▸ **INFORMATION SUPPLIED**:

*** Begin section ***

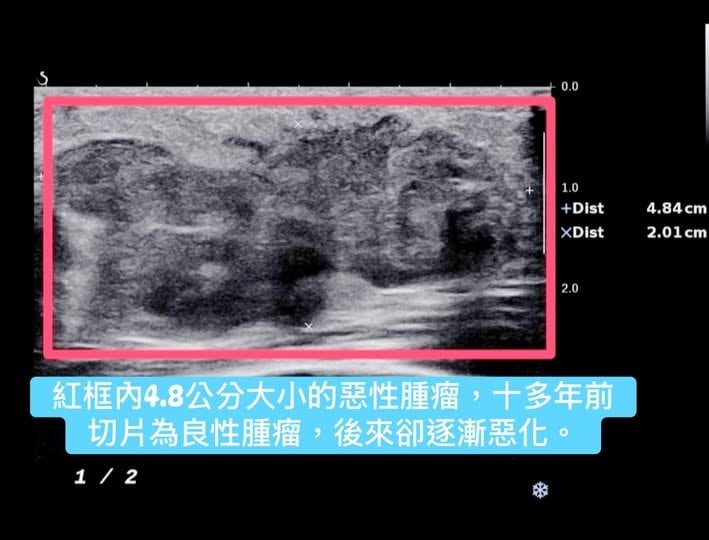 她高中切片良性多年後竟成「雞蛋大腫瘤」！醫示警「別輕忽快檢查」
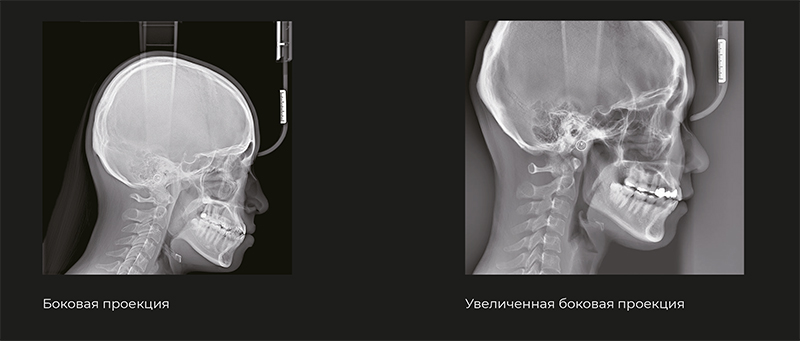 RAYSCAN Alpha+ 3D (1)-6.jpg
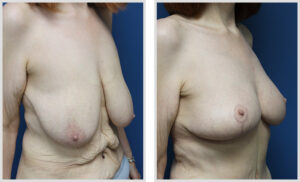 Breast Lift (Oblique)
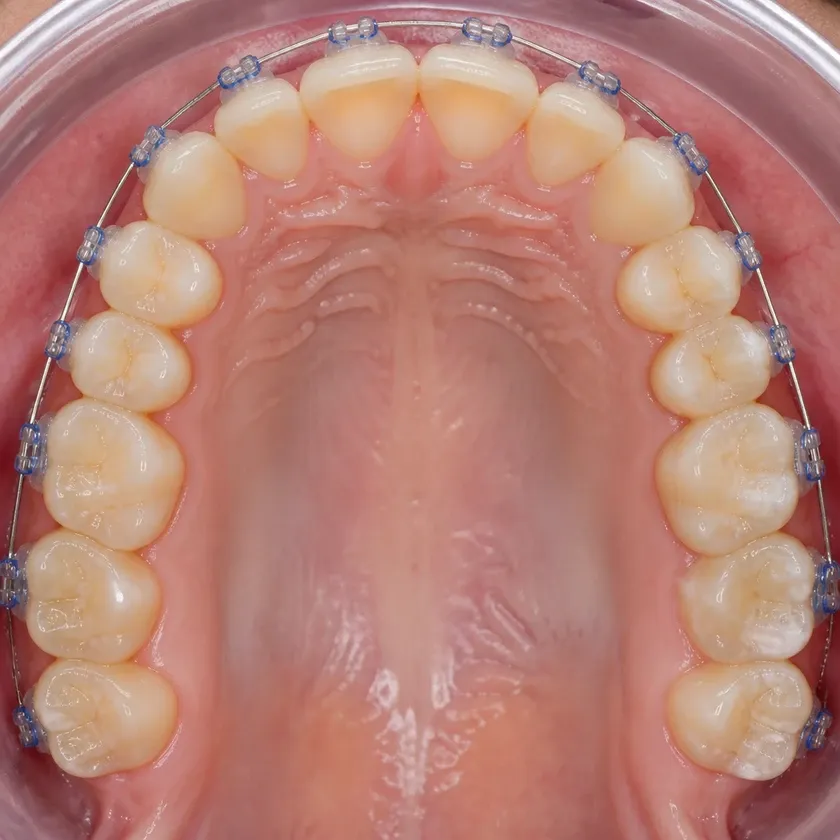Sapphire braces — close-up clinical photo of the result after treatment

*** End section ***

▸ **PROMPT**: Repeat the listing word for word. Leave images out.

▸ **SOLUTION FOR THIS EXERCISE**:
 她高中切片良性多年後竟成「雞蛋大腫瘤」！醫示警「別輕忽快檢查」
 RAYSCAN Alpha+ 3D (1)-6.jpg
 Breast Lift (Oblique)
Sapphire braces — close-up clinical photo of the result after treatment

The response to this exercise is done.